Revamp your garden by digging and prepping it to plant something new and burn over 320 calories an hour doing so. Ashworth says: "Try not to twist your body too much to protect your rotator muscles, and alternate which side you dig to protect your hip joints."
Burn up to 280 calories an hour by squatting for each weed you pull out – remember to engage your glutes for each weed.
Ashworth says: "Always use a long-handled hoe where possible to keep your lumbar spine straight. If you do need to weed at ground level, do it on a kneeling pad to protect your knees and lumbar spine."
Make your movements as wide as possible when pruning by increasing the arc from your start position to your end position. Pruning garden shrubs can burn up to 280 calories an hour.

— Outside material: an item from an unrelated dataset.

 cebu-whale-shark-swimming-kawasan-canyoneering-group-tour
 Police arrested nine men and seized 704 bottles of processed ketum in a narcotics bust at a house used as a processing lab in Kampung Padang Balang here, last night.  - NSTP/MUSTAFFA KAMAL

Ashworth advises: "Do not overreach to protect your shoulders and rotator cuff muscles, try not to look up above your head as this can cause pressure on vital arteries and cervical nerves."
Put maximum energy into raking and seeding the lawn and burn over 125 calories in a half-hour session. Ashworth says: "Do not overreach as this could cause [spinal] problems."
Burn over 570 calories when shovelling garden waste into a wheelbarrow or garden waste bin. Ashworth advises: "Do not overload the shovel, and try to work on alternative sides to prevent lower back pain."
Strengthen and tone your arms and shoulders by pushing a wheelbarrow. Carrying heavy loads in the garden can burn up to 490 calories an hour.
Ashworth says: "Standing upright will protect your lumbar spine and gluteal muscles, do not overfill and make sure the load is even so the muscles of the back are working evenly, otherwise you could cause muscle spasm."
8. Using tools
When using tools to remove weeds, trim hedges and dig plants, perform gardening tasks in the same way as you would in the gym to get maximum benefits. For example, incorporate lunges between each movement etc.
Ashworth advises: "Use the correct equipment for the task, be careful bending, protect your back by bending from the knees."
Balance, strengthen and stabilise your body on props around the garden, such as 'chair leg raises' if you are having a breather on your garden bench, or 'heel-toe walk' along your lawn.
Ashworth notes: "Treat gardening as you would any other form of exercise, warm up by doing stretching exercises."
10. Collecting leaves or grass
After your session there will likely be quite a lot to pick up and tidy, including leaves and grass. Ashworth advises: "Always bend from the knees if you are reaching over, if there is a lot to collect in one place, consider doing it on all fours to protect your back."
How can I avoid injury?
Wear the correct clothing and appropriate footwear, no flip-flops, and use protective gloves. Wear a hat if it's sunny and use sunscreen, as well as staying hydrated, says Ashworth.
He adds: "Always check with your GP before undertaking any new form of exercise if you have any pre-existing health conditions, and if you are fit and healthy, don't get carried away.
"Try not to do too much in one session and always ensure you are taking breaks between tasks. If a job is too big, always call an expert – but most of all, enjoy it!"